But Max read the whole thing to me. He was very cross and when he finished there was a terribly strange silence. I swallowed hard and said Max, I sent you that?

More silence. I looked at the papers on top of the desk. There were the Aesthetics exams to correct. Surely Little Lola had moved things around. And more papers and … Wait. I grabbed a paper, the one I had faxed, written with the Olivetti. I looked it over quickly.

‘Damn.’ Silence. ‘Are you sure I sent you that?’

‘Yes.’

‘Forgive me.’

Max’s voice sounded calmer: ‘If you don’t mind, I’ll write the bio myself. I already have her exhibition history.’

‘Thanks.’

‘No, and sorry about my … nerves … It’s just that the printers want the text right away if we want it to be finished before the exhibition closes.’

‘If you want I’ll try to …’

‘No, no: I’ll take care of it.’

‘Thank you, Max. Give my regards to Giorgio.’

‘I will. By the way: why do you write fucking with two f’s?’

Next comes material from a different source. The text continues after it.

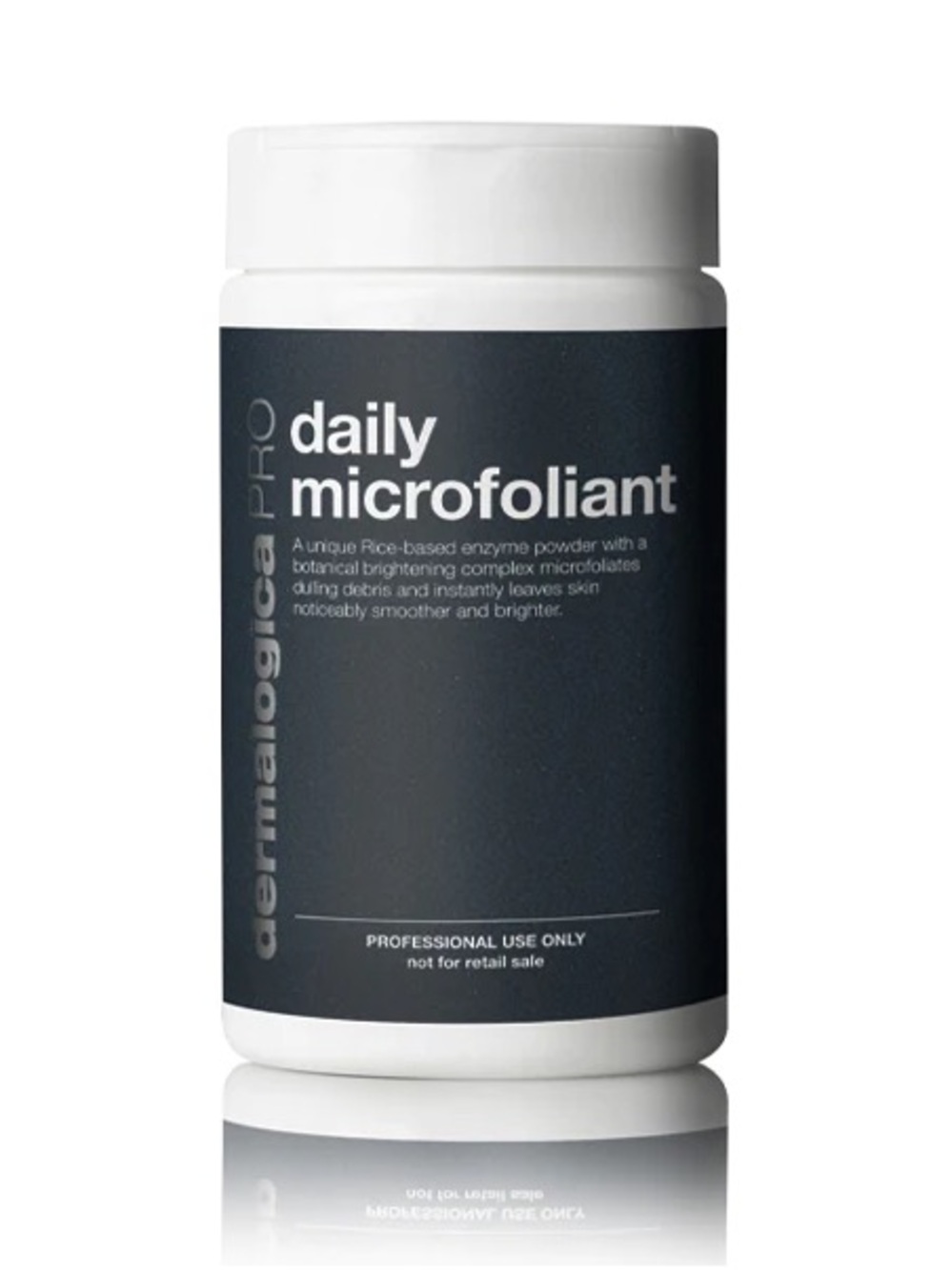 Dermalogica Daily Microfoliant 6 OZ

I hung up. That was the first warning, but I didn’t know it yet. I went through the papers on the desk again. There was only that text. I reread it, concerned. On the paper I had written Sara Voltes-Epstein was born in Paris in nineteen fifty and when she was very young she met a stupid boy who fell in love with her and while he never intended any harm, he was never really able to make her happy. After some painful back and forth, after some coming and going, she agreed to live with the aforementioned stupid boy over what were long (too short) years of shared life that became the most important of my life. The most essential. Sara Voltes-Epstein died in Barcelona in the autumn of ninety-six. Proof that life is a ffucking bitch, she didn’t make it to fifty years old. Sara Voltes-Epstein devoted herself to drawing life for other people’s children. She only very occasionally and reluctantly exhibited her pencil and charcoal drawings, as if she only cared about the essential: the relationship with the paper via the stroke of a pencil or a stick of charcoal. She was very good, drawing. She was very good. She was.

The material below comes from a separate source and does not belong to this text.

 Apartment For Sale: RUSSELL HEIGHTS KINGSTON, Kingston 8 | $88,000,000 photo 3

Life went on, sadder, but alive. The appearance of the book of portraits by Sara Voltes-Epstein filled me with a profound and inexhaustible melancholy. The biographical note that Max had come up with was brief but impeccable, like everything Max does. Afterwards, things sped up: Laura didn’t come back from Uppsala, just as she had threatened to do, and I locked myself up to write about evil because I had many things going through my head. But Adrià Ardèvol, no matter how desperately he wrote and how many pages he filled, knew that he wasn’t making progress; that it was impossible to make progress because all he heard was the ringing of the telephone: a sustained and very unpleasant D.

‘Rsrsrsrsrsrsrsrsrsrs.’ It was the door.

‘Do you mind?’

Adrià opened the door the rest of the way. That time, Bernat had gone straight to the point; he was carrying his violin and a bulky bag with half his life in it.

‘Did you have another argument?’

Bernat went inside without responding to the obvious. He spent the first five days in silence, while I battled with a sterile text and against the telephone’s insistence.

With that good faith, Bernat, starting on the sixth day, spent a few dinners trying to convince me to finally take the computer into my life, having me go over what Llorenç had taught me, which I had forgotten because I never put it to use.

‘No, I understand the concept. But to use it … I’d have to use it and I just don’t have the time.’

‘You’re hopeless.’

‘How can I start with that when I still haven’t even got used to the typewriter?’

‘But you use it.’

‘Because I don’t have a secretary to type things up for me.’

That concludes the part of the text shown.